_Instructions to follow_: Every line in the records below between the one holding "Prothésiste ongulaire tenant" and the one holding "a swimming pool", inclusive, is to be set down exactly; all other lines are to be left out.

_Data excerpts_:
============

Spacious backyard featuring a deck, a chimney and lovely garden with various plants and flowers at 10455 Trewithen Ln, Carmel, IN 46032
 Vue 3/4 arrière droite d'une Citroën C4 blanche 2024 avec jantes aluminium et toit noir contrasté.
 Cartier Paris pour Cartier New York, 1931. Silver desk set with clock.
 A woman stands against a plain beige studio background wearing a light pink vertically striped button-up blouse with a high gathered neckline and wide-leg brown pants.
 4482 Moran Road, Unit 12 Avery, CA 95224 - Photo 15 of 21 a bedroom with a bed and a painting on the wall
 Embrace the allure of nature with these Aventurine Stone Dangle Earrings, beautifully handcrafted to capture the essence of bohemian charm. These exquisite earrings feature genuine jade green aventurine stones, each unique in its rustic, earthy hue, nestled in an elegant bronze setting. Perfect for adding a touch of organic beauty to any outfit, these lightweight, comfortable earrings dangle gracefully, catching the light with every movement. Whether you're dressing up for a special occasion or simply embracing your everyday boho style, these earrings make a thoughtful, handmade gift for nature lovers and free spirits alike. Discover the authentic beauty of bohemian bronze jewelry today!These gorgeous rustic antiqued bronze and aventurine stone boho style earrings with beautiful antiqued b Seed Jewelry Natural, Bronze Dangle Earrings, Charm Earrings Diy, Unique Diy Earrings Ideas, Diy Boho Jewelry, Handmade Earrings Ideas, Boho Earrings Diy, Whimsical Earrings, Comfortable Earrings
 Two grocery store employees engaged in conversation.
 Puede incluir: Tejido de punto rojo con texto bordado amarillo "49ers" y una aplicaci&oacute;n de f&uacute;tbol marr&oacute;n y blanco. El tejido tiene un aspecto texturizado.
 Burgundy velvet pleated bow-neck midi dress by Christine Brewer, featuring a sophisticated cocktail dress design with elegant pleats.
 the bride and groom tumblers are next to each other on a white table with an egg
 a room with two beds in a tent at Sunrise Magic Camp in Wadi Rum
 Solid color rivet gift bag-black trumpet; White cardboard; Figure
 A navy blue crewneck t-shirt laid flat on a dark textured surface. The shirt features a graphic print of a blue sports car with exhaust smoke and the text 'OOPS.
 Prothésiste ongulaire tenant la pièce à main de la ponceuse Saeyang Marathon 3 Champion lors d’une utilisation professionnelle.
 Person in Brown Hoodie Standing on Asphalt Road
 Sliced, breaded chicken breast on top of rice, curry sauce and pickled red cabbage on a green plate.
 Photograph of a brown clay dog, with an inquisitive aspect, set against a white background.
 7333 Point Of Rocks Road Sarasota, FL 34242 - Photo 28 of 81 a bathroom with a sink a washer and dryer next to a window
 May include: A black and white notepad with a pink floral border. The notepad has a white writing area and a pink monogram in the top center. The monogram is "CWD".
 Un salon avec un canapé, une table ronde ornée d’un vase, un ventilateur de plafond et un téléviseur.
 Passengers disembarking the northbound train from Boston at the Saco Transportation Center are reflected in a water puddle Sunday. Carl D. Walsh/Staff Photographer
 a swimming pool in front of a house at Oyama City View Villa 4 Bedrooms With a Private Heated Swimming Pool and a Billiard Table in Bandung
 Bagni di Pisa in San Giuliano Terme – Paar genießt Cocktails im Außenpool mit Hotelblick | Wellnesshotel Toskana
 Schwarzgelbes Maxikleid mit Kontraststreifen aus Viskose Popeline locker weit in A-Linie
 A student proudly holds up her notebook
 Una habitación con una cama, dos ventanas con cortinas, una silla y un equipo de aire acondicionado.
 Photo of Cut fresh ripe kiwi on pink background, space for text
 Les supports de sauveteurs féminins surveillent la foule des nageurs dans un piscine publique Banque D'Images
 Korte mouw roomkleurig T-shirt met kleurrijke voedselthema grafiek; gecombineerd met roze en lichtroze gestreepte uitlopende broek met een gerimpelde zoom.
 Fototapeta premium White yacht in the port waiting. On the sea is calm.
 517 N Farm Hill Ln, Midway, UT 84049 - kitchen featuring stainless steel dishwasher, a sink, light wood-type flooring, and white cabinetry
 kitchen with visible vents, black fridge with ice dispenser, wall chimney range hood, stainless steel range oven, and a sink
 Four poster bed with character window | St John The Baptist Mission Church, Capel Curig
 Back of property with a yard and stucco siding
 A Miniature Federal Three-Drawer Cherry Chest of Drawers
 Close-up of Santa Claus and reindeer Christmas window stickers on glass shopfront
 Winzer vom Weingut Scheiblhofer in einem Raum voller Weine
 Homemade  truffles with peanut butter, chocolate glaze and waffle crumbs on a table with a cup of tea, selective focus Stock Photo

============

_Written solution_:
 Prothésiste ongulaire tenant la pièce à main de la ponceuse Saeyang Marathon 3 Champion lors d’une utilisation professionnelle.
 Person in Brown Hoodie Standing on Asphalt Road
 Sliced, breaded chicken breast on top of rice, curry sauce and pickled red cabbage on a green plate.
 Photograph of a brown clay dog, with an inquisitive aspect, set against a white background.
 7333 Point Of Rocks Road Sarasota, FL 34242 - Photo 28 of 81 a bathroom with a sink a washer and dryer next to a window
 May include: A black and white notepad with a pink floral border. The notepad has a white writing area and a pink monogram in the top center. The monogram is "CWD".
 Un salon avec un canapé, une table ronde ornée d’un vase, un ventilateur de plafond et un téléviseur.
 Passengers disembarking the northbound train from Boston at the Saco Transportation Center are reflected in a water puddle Sunday. Carl D. Walsh/Staff Photographer
 a swimming pool in front of a house at Oyama City View Villa 4 Bedrooms With a Private Heated Swimming Pool and a Billiard Table in Bandung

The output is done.